AMN: That doesn’t surprise me that much. If you read the standard histories of documentary they really don’t talk about that book much.

HVD: I don’t know. I didn’t read... I know the one you’re talking about. He was writing tons of stuff, and Jay Leyda was writing about the same subjects. And there was a third one, and they all came in a clash. Each one of them wanted to direct me in their way, but I said maybe it was a good introduction but no thanks. I have no theory. I have the film. I look at the film over and over and over again, and from there ideas and possibilities emerge. It becomes a part of feeling, inside of me, and so if there’s any kind of difference, and like a love affair you notice one little thing that shouldn’t be there. And so you start arguing with yourself. Should I take it out or leave it in? And then when you have to courage to take it out, and see that it never belonged there in the first place and it doesn’t fit in, but it takes so much determination.

AMN: So there were no books or writings that you found inspirational or exciting.

HVD: No, I don’t even know if there were many at that time.
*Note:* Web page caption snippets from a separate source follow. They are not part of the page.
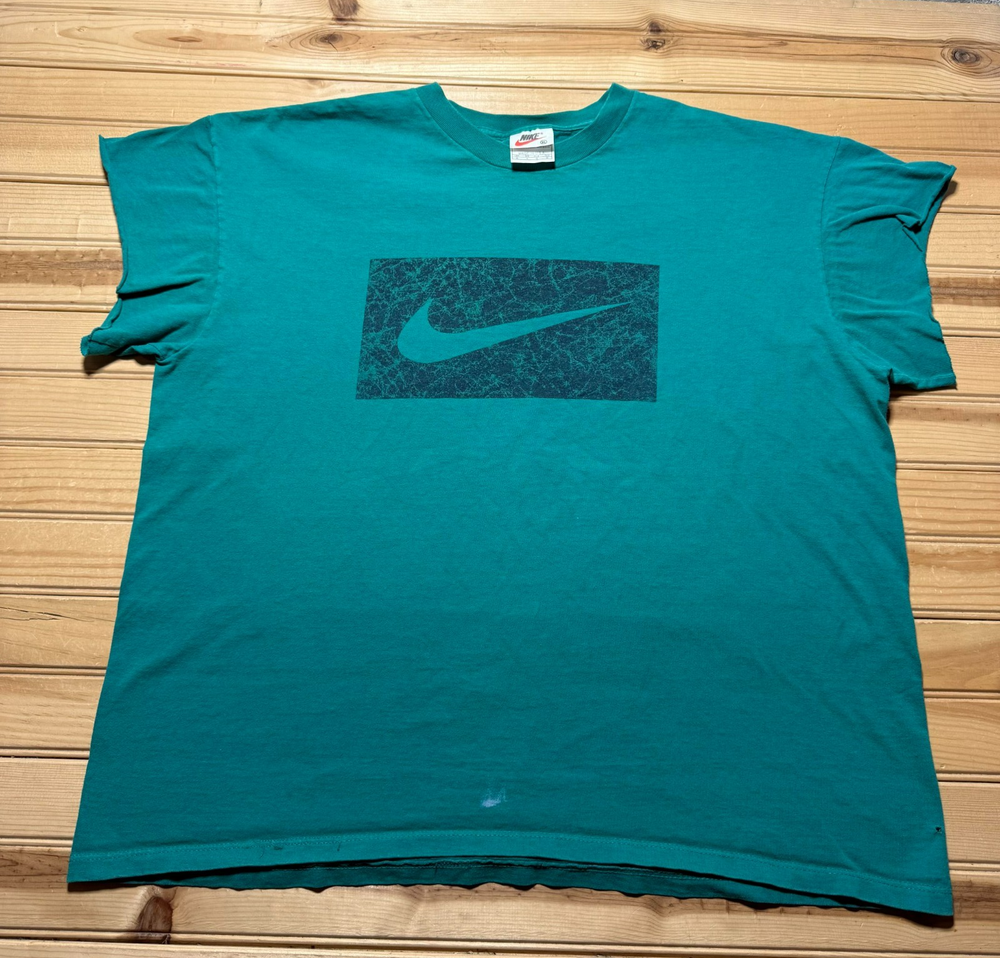 Vintage Y2K Nike Sportswear Big Swoosh  Box Logo Short Sleeve Shirt USA Size XL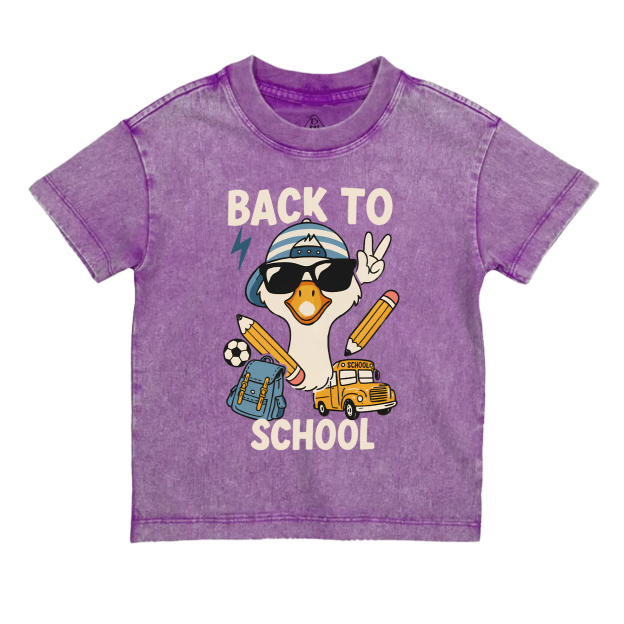 Back To School Goose Toddler&Kids Washed Tees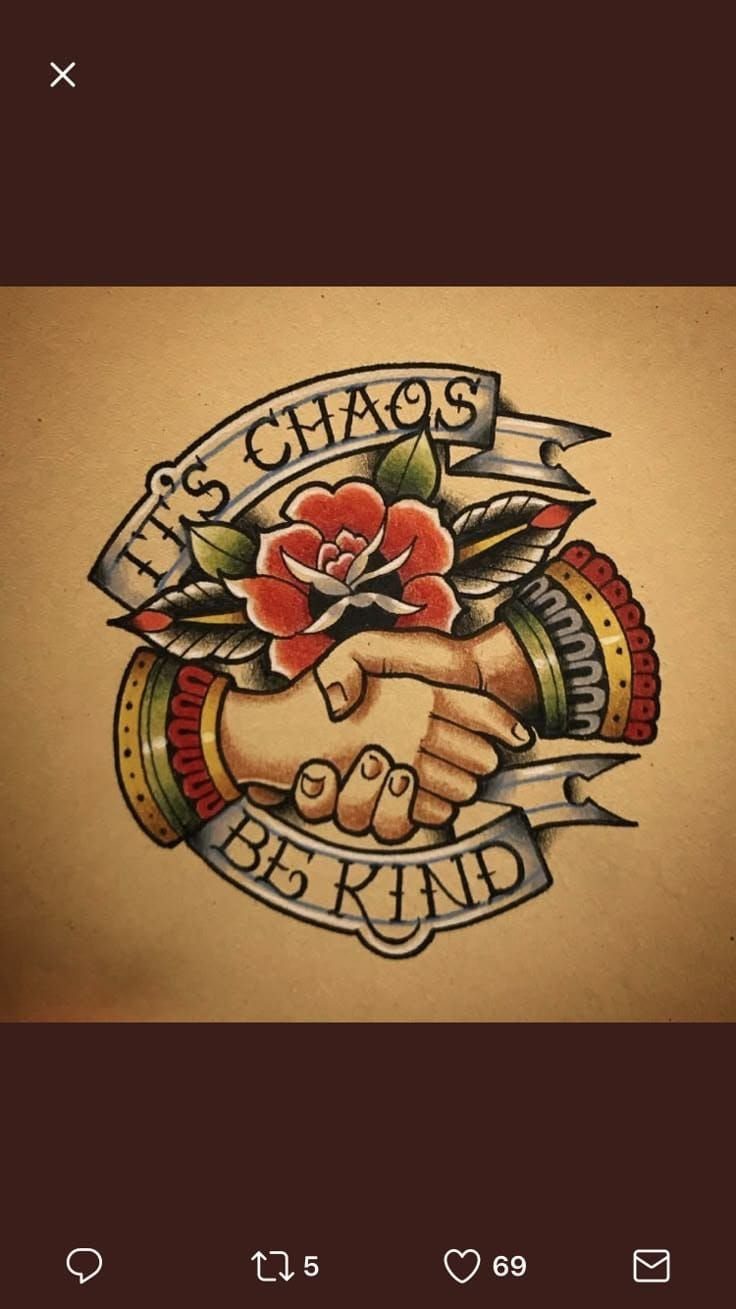 Traditional Handshake Tattoo: 9 Designs From Heart Frames to Skeleton Hands 4 Traditional tattoo design of hands shaking with a red rose and text banners.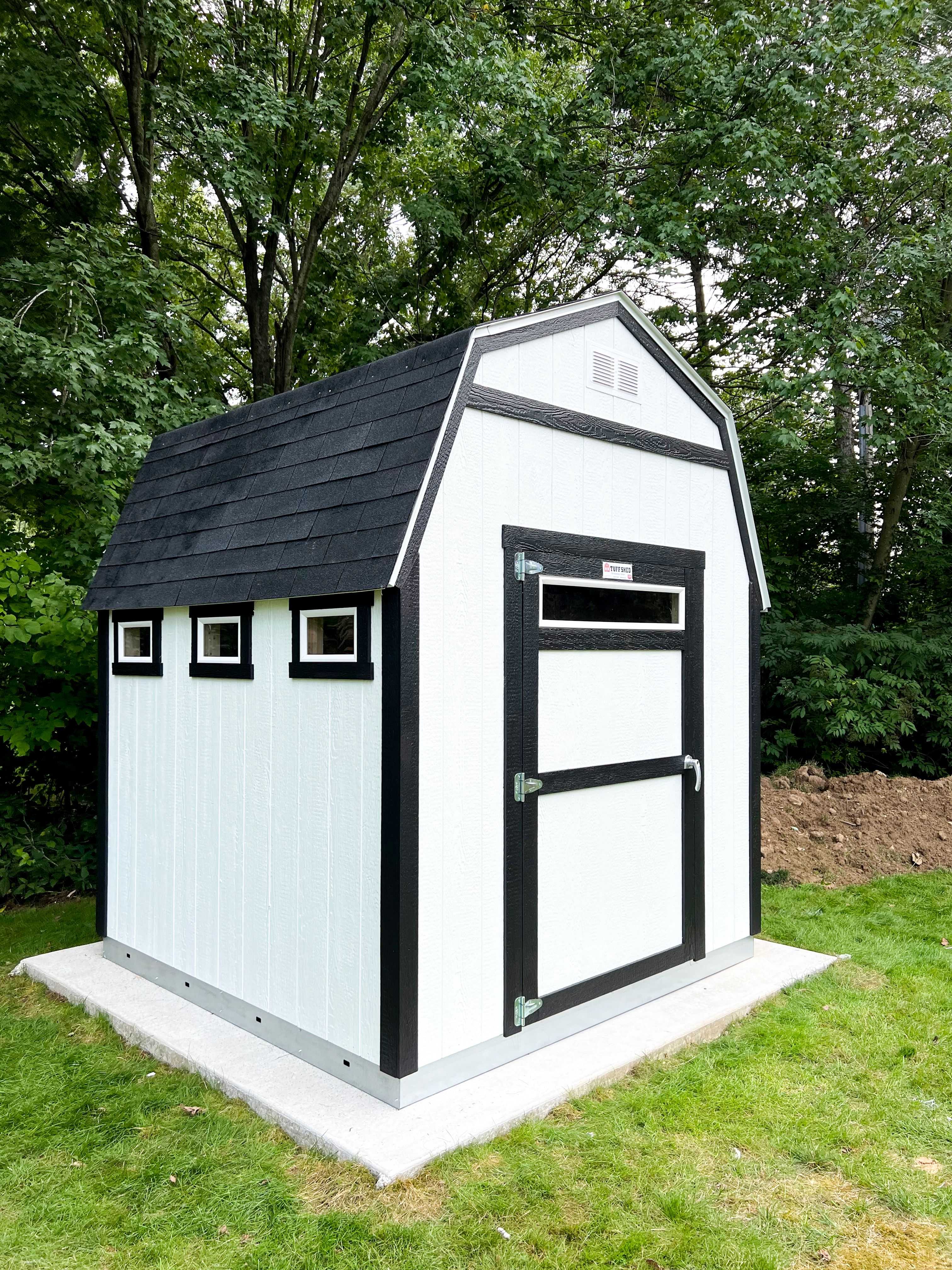 TB600 white shed with black trim, three windows, and a door, set on a concrete slab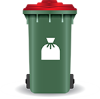 Red landfill bin
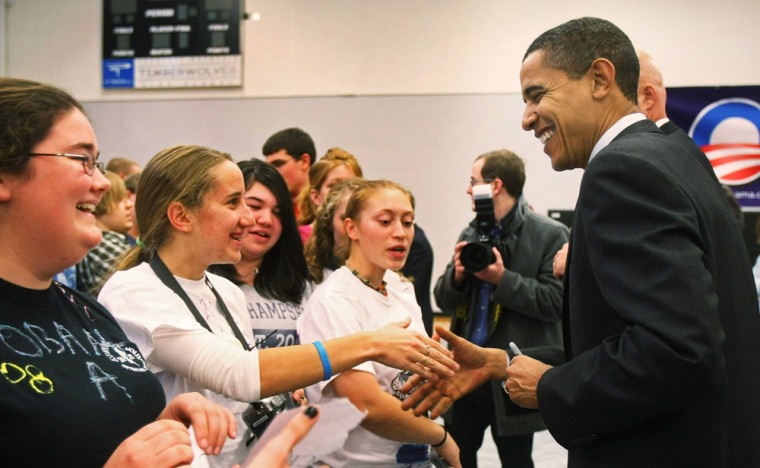 Image: Democratic presidential hopeful U.S. Sen. Barack Obama (D-IL) greets students during a \"Meet the Candidate\" event at Prospect Mountain High School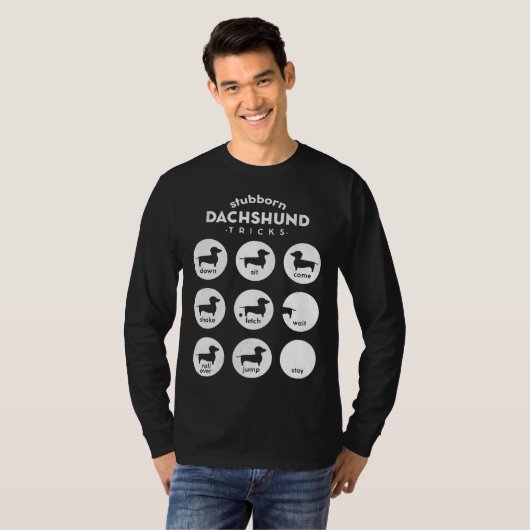Stubborn Dachshund Tricks Chart Tシャツ (正面フル)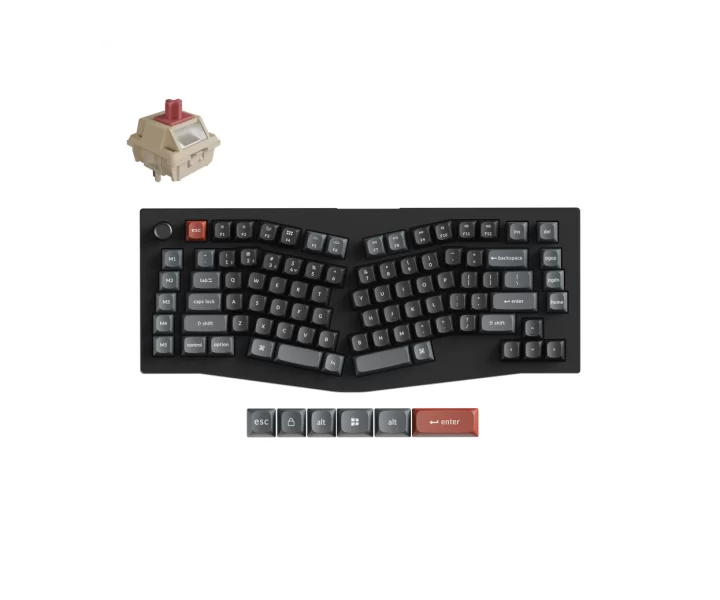 Keychron V10 Ultra 8K Wireless Custom Mechanical Keyboard — Fully Assembled Knob / Black / Keychron Silk POM Switch - Red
The thing is that being constantly in contact with those who made films, I didn’t have to read much about it. Because I was working on the same basis that we had to start from the roots. If someone comes along and says you have to do it this way, that’s not right. Because every film is different, its content, rhythm, etc. etc. It’s just like painting. You can’t tell a painter what he can and can’t do or it becomes stale.

AMN: After the war, you started directing your own films, began preparations and quit the nascent Indonesian Film Commission, but you also started working with Flaherty.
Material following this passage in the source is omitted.